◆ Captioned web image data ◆
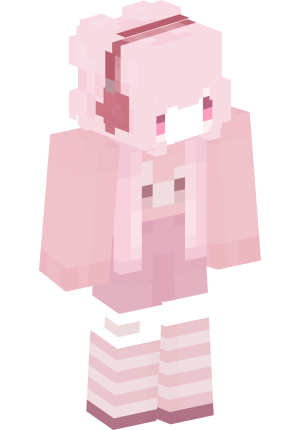 Зефирная милашка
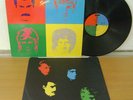 QUEEN - Hot Space (1982) unique INDIA issue LP M-/M-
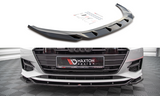 Maxton Design - Front Splitter V.1 Audi A7 C8 Front Spoiler Maxton Design royalty-bespoke.myshopify.com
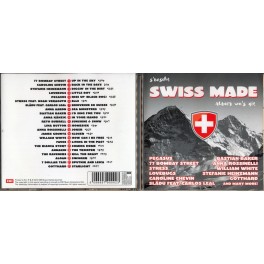 Occ. CD Swiss Made Album wo's git - diverse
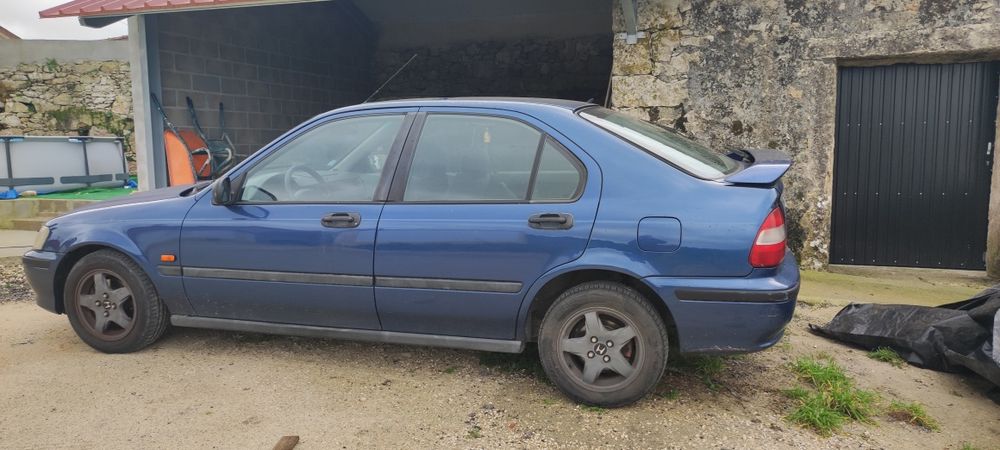 Honda civic MB para peças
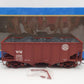 Atlas 7756-12 O Scale Western Maryland 55 Ton Fishbelly Hopper #11932 (2-Rail) EX/Box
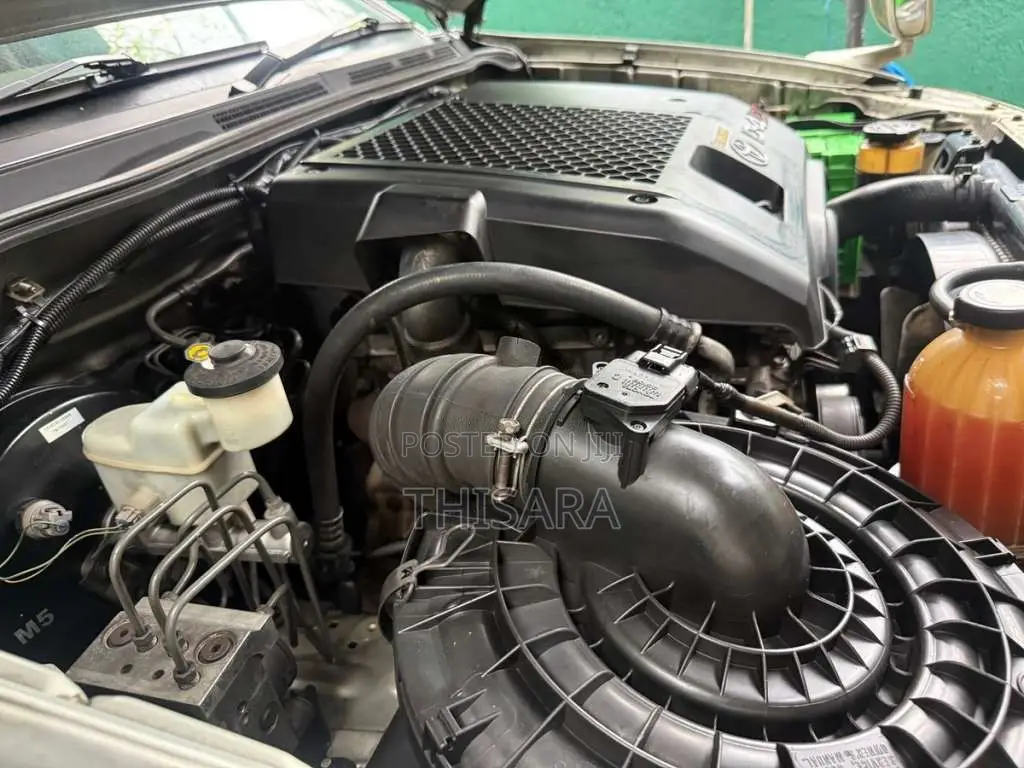 Toyota Hilux 2007 Pickup (Used)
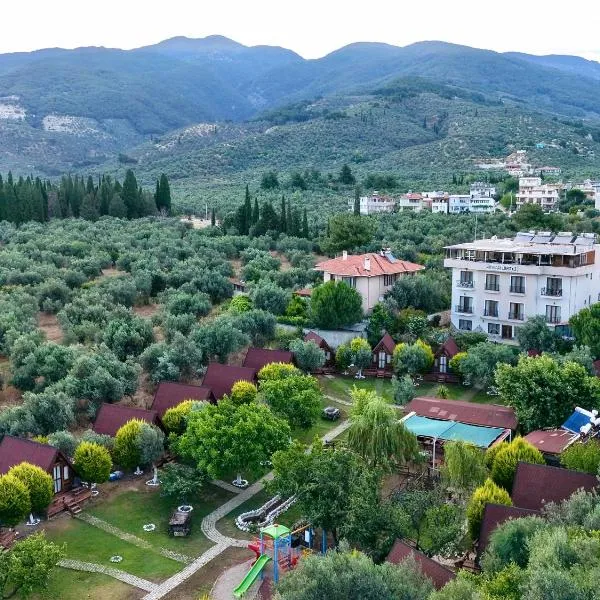 Kazdaglari Ida Natura Bungalov Hotel, hotel di Akcay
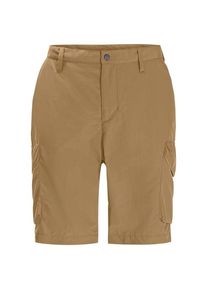 Shorts Jack Wolfskin Kalahari Cargo Herren (Gr 46 |beige)
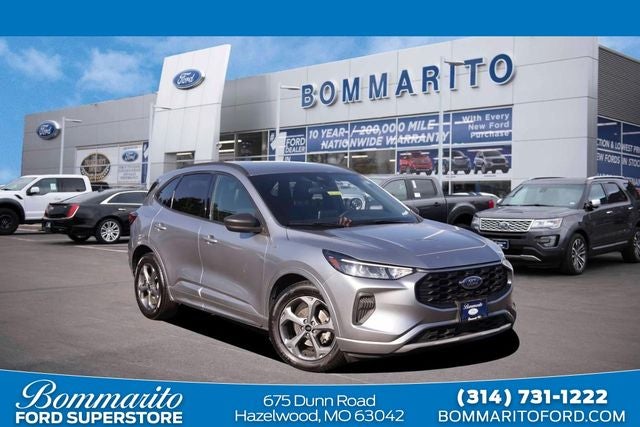 2023 Ford Escape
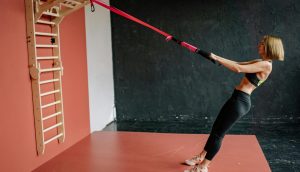 dây kháng lực tập gym có hiệu quả không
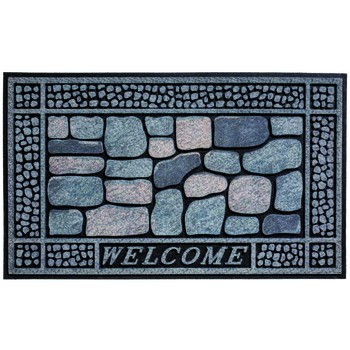 Πατάκι Εισόδου (45x75) Ecomat 011 Stones welcome Sdim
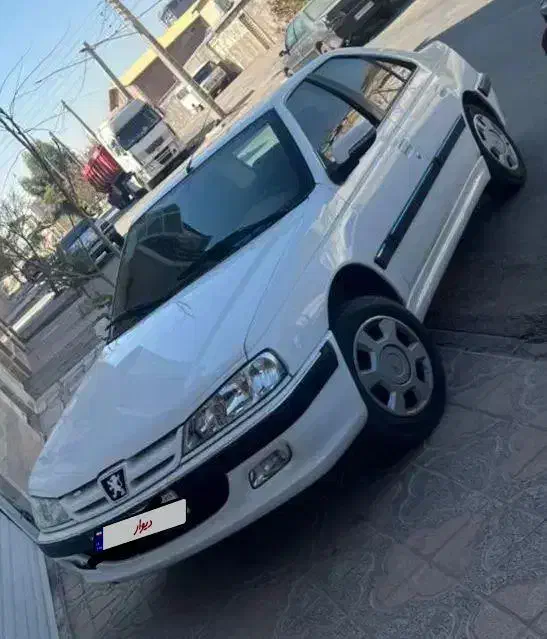 پارس موتور جدید|خودرو سواری و وانت|سیرجان, |دیوار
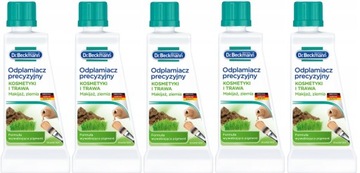 Dr.Beckmann Odplamiacze Kosmetyki Trawa 5x50ml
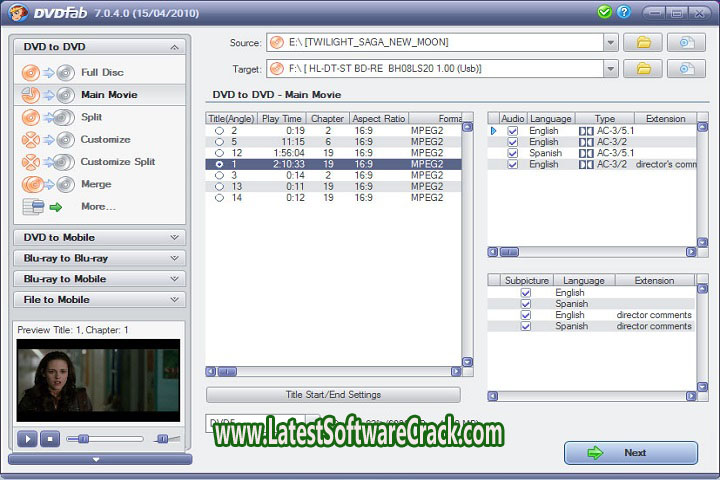 DVDFab v12.0.8.8 Free Download With Patch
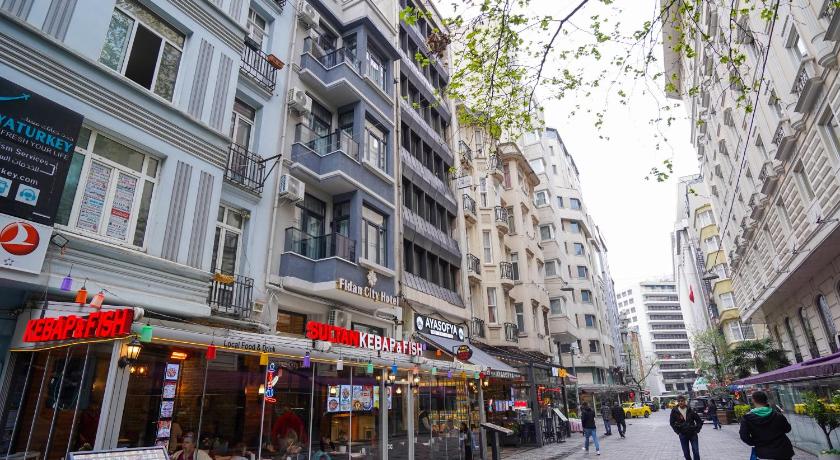 FİDAN CİTY HOTEL - image 2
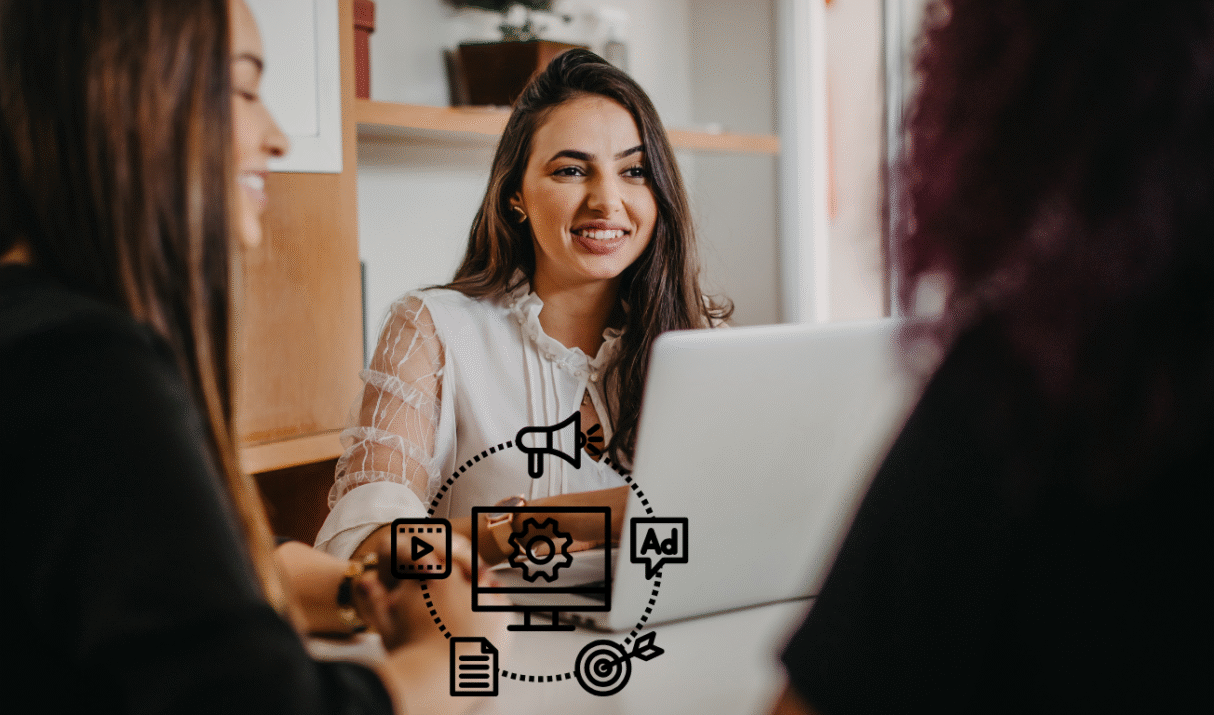 Business and marketing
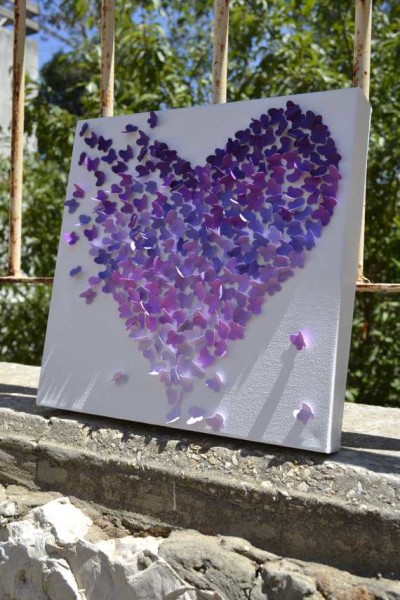 Peintures de papillons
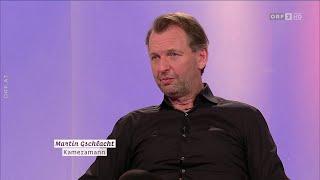 Des Teufels Bad - ORF Kulturmontag Interview 2024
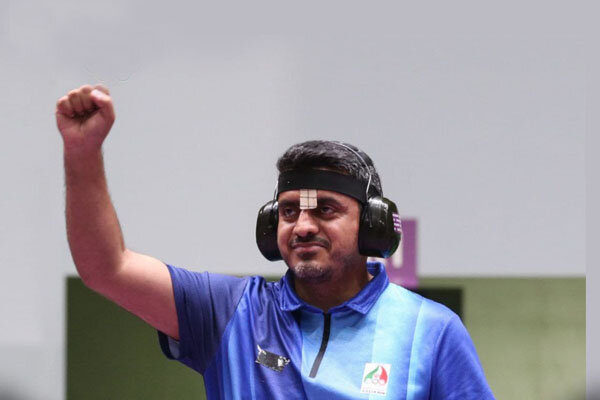 تیر ورزشکار ایران به «طلا» خورد/ کسب اولین نشان زرین توسط فروغی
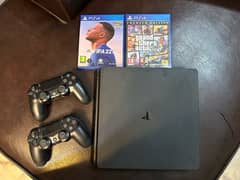 Ps4 Slim 1 TB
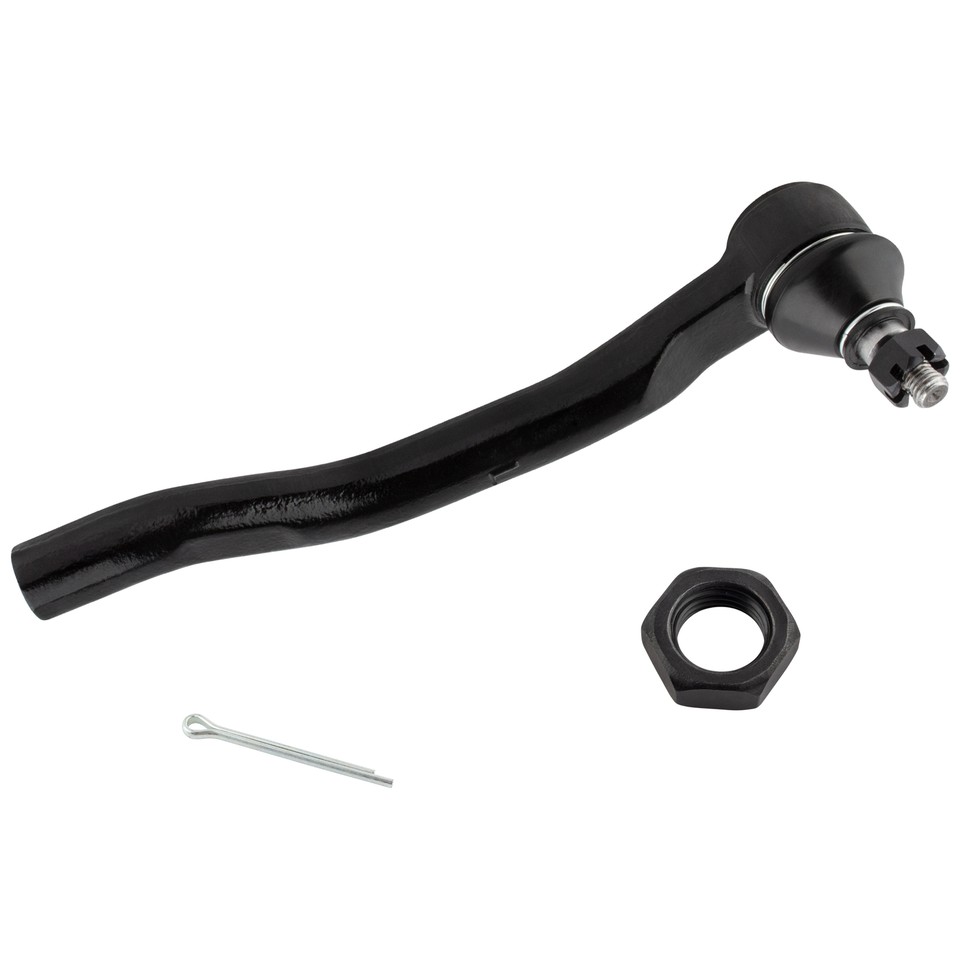 12pc Front Suspension Kit With Control Arms & Tie Rod Ends For Honda Accord 1998-2003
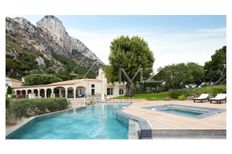 Prestigiosa villa di 400 mq in affitto, 8 Chemin du Bautugan, Cap-d\'Ail, Alpi Marittime, Provenza-Alpi-Costa Azzurra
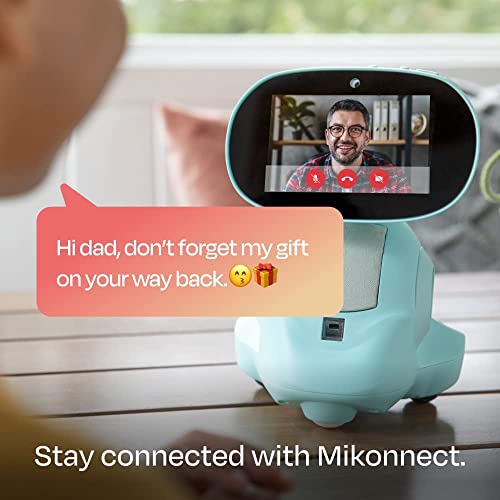 Unlocking Fun and Learning: The Miko 3 - Your Child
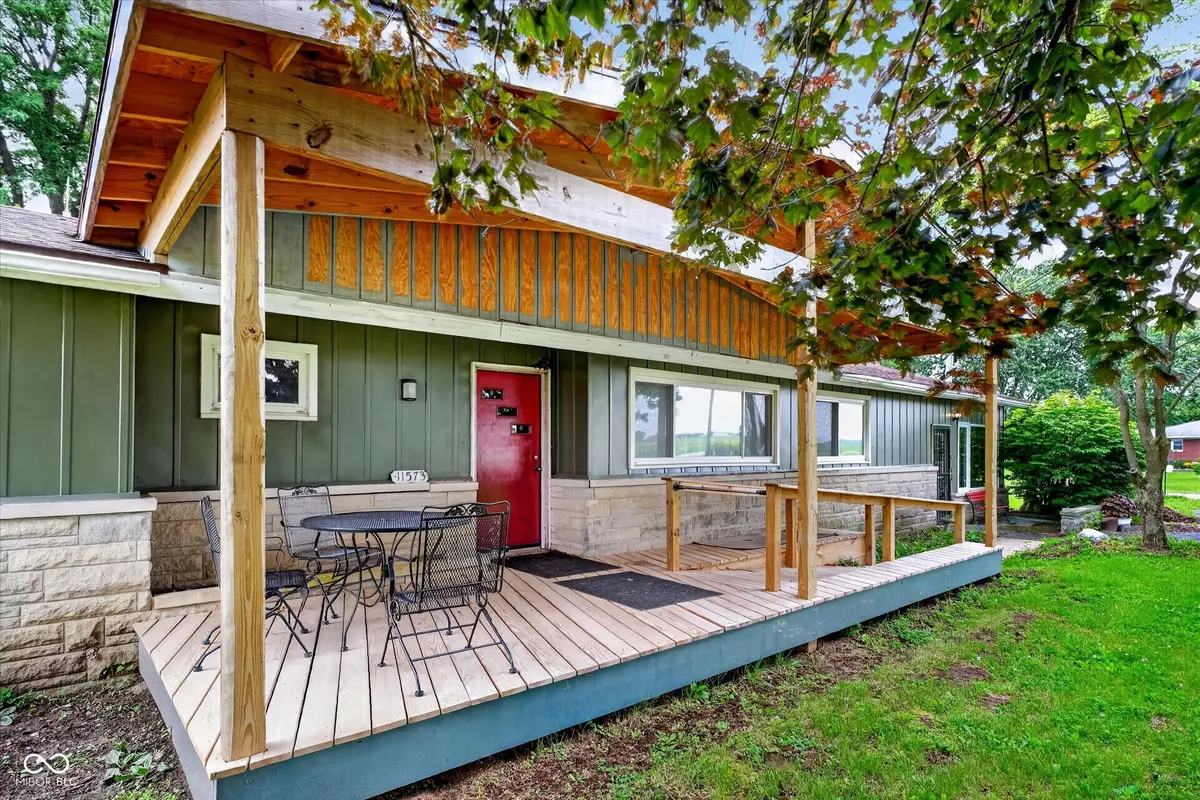 11573 E County Road 600 N, Forest, IN 46039 - #1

◆ Aim of the task ◆
Copy out all the data exactly. The images should not appear in the copy.

◆ Task result ◆
 Зефирная милашка
 QUEEN - Hot Space (1982) unique INDIA issue LP M-/M-
 Maxton Design - Front Splitter V.1 Audi A7 C8 Front Spoiler Maxton Design royalty-bespoke.myshopify.com
 Occ. CD Swiss Made Album wo's git - diverse
 Honda civic MB para peças
 Atlas 7756-12 O Scale Western Maryland 55 Ton Fishbelly Hopper #11932 (2-Rail) EX/Box
 Toyota Hilux 2007 Pickup (Used)
 Kazdaglari Ida Natura Bungalov Hotel, hotel di Akcay
 Shorts Jack Wolfskin Kalahari Cargo Herren (Gr 46 |beige)
 2023 Ford Escape
 dây kháng lực tập gym có hiệu quả không
 Πατάκι Εισόδου (45x75) Ecomat 011 Stones welcome Sdim
 پارس موتور جدید|خودرو سواری و وانت|سیرجان, |دیوار
 Dr.Beckmann Odplamiacze Kosmetyki Trawa 5x50ml
 DVDFab v12.0.8.8 Free Download With Patch
 FİDAN CİTY HOTEL - image 2
 Business and marketing
 Peintures de papillons
 Des Teufels Bad - ORF Kulturmontag Interview 2024
 تیر ورزشکار ایران به «طلا» خورد/ کسب اولین نشان زرین توسط فروغی
 Ps4 Slim 1 TB
 12pc Front Suspension Kit With Control Arms & Tie Rod Ends For Honda Accord 1998-2003
 Prestigiosa villa di 400 mq in affitto, 8 Chemin du Bautugan, Cap-d\'Ail, Alpi Marittime, Provenza-Alpi-Costa Azzurra
 Unlocking Fun and Learning: The Miko 3 - Your Child
 11573 E County Road 600 N, Forest, IN 46039 - #1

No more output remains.